From stem cells to billions of human insulin-producing cells and a potential cure for diabetes
Human beta cells derived from stem cells (Credit: Melton Lab). Harvard stem cell researchers today announced that they have made a giant leap forward in the quest to find a truly effective treatment for type 1 diabetes, a condition that affects an estimated 3 million Americans at a cost of about $15 billion annually:
With human embryonic stem cells as a starting point, the scientists are for the first time able to produce, in the kind of massive quantities needed for cell transplantation and pharmaceutical purposes, human insulin-producing beta cells equivalent in most every way to normally functioning beta cells.

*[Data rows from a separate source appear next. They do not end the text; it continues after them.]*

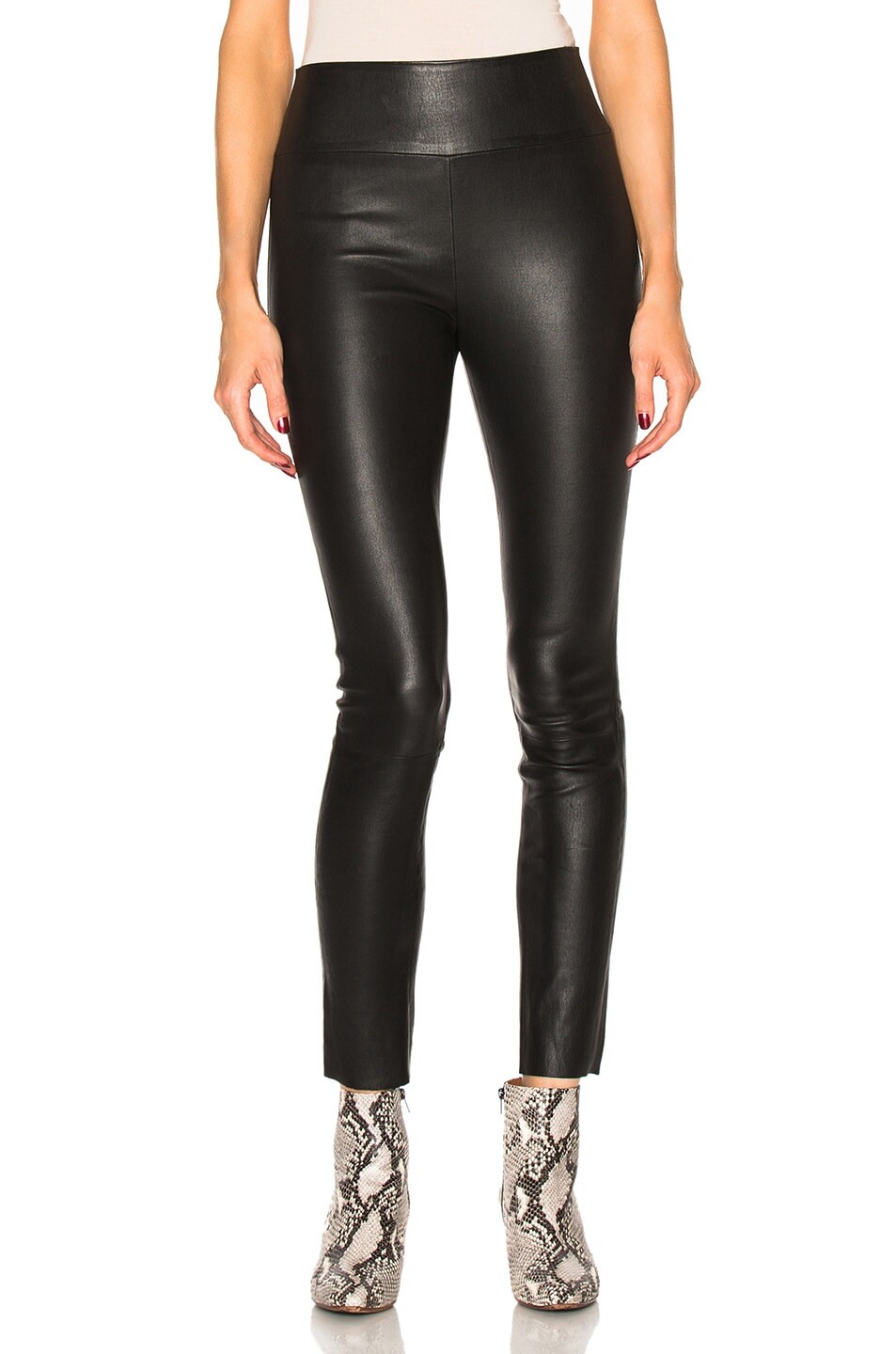 

Леггинсы Sprwmn High Waist Leather Ankle Leggings, черный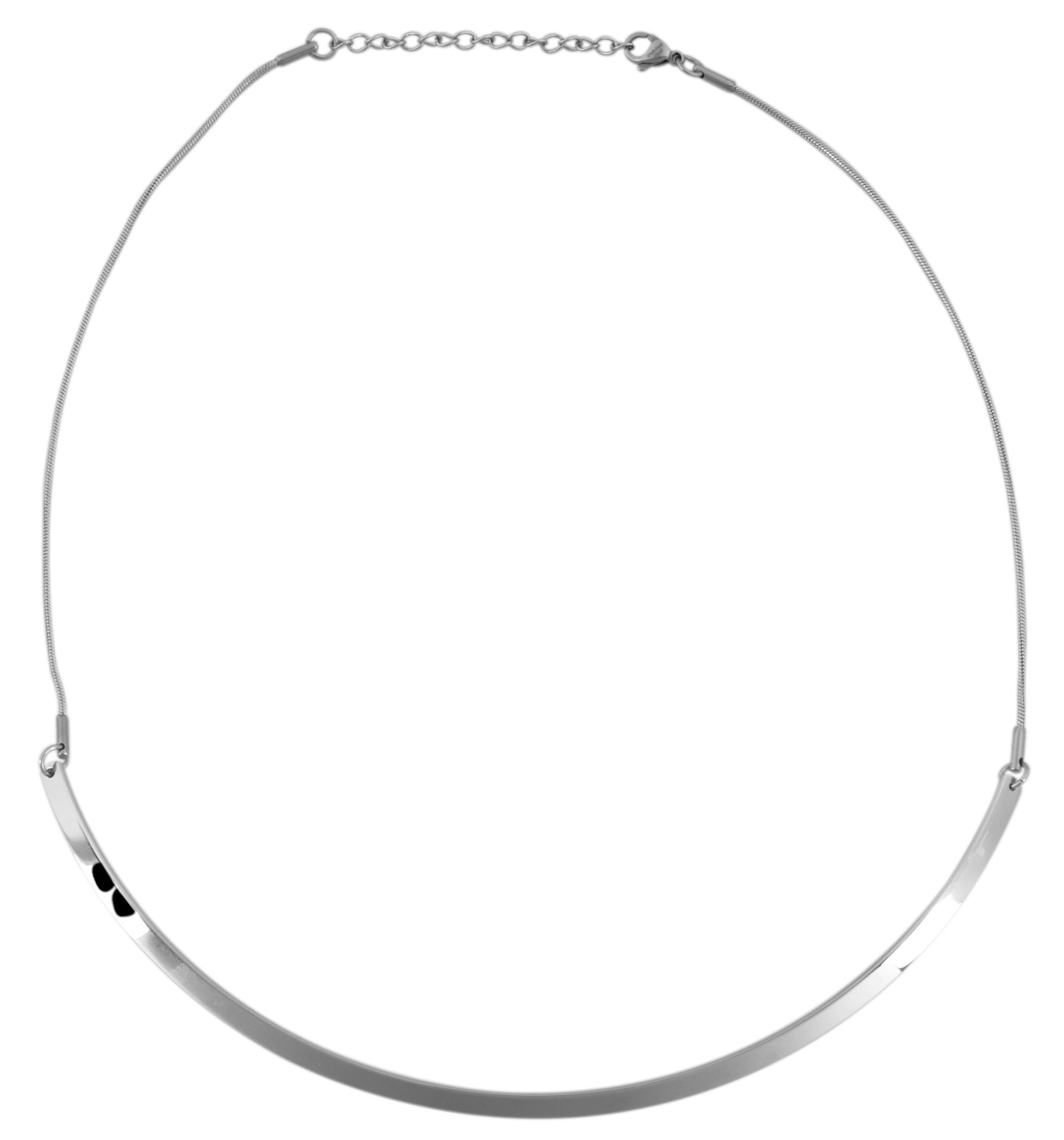 Akzent Schlangenkette mit U-Element, Edelstahl, silberfarben, Länge 40 cm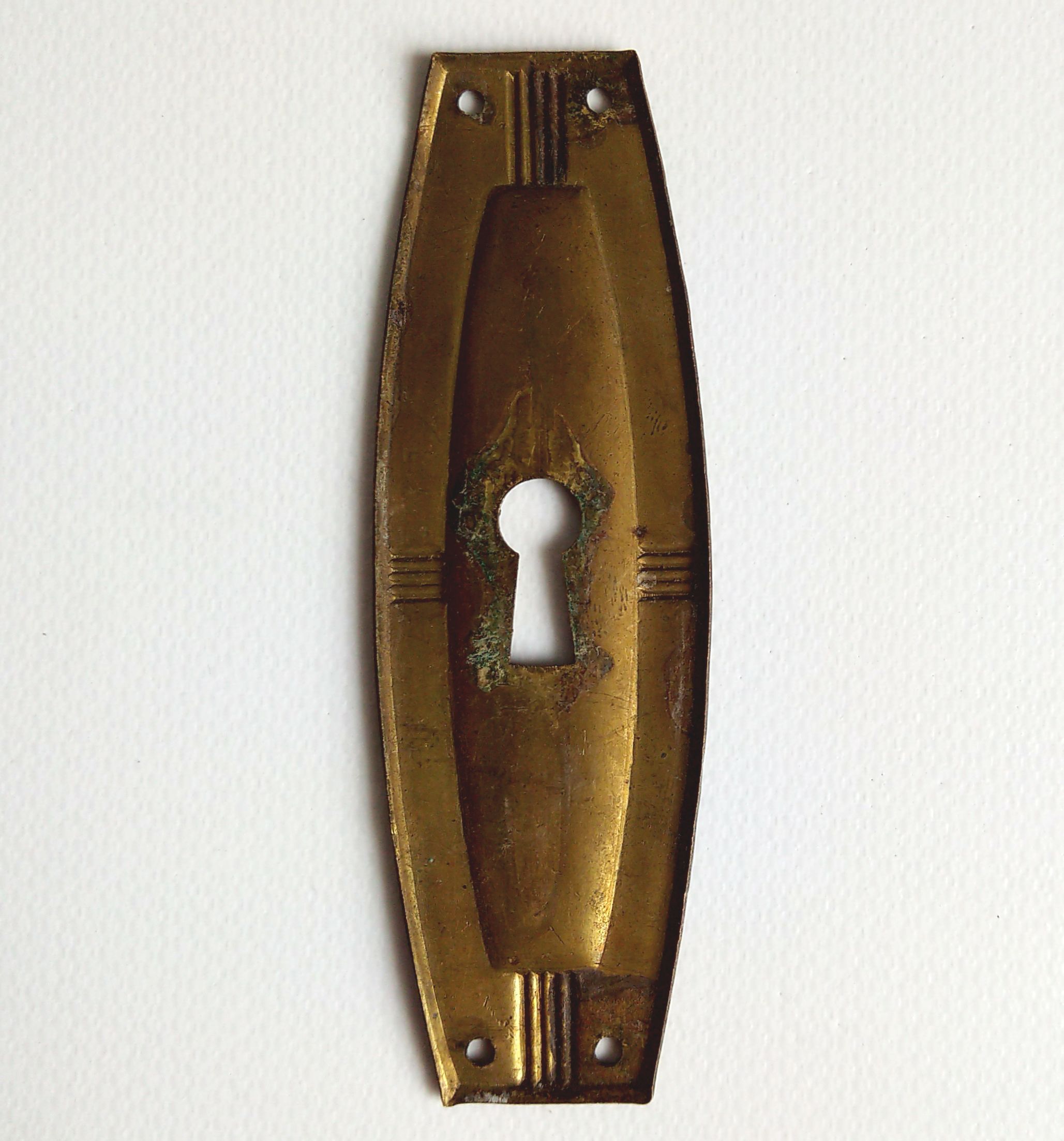 Alter Möbelbeschlag Messing mit Schlüsselloch Alter Möbelbeschlag Messing mit Schlüsselloch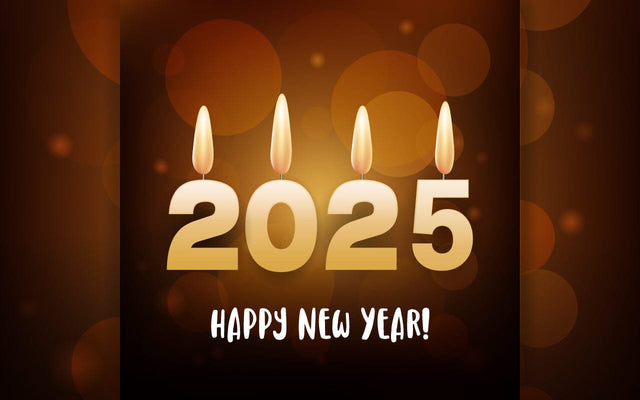 2025 New Year and Merry Christmas holiday party celebrating greeting card vector illustration: 3d realistic text, 2025 candle numbers with fire, candlelight decor on confetti background. SVG naemmiah021 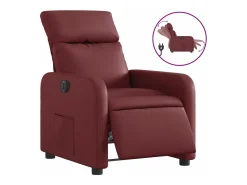 Poltrona reclinável elétrica couro artificial vermelho tinto PT402905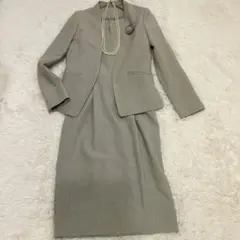 グリーンレーベルリラクシング ノーカラー ジャケットワンピース 2点セット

Doug Melton, who led the work and who 23 years ago, when his then infant son Sam was diagnosed with type 1 diabetes, dedicated his career to finding a cure for the disease, said he hopes to have human transplantation trials using the cells to be underway within a few years. “We are now just one pre-clinical step away from the finish line,” said Melton, whose daughter Emma also has type 1 diabetes. A report on the new work has today been published by the journal Cell. Felicia W. Pagliuca, Jeff Millman, and Mads Gurtler of Melton’s lab are co-first authors on the Cell paper. The research group and paper authors include a Harvard undergraduate. (more…)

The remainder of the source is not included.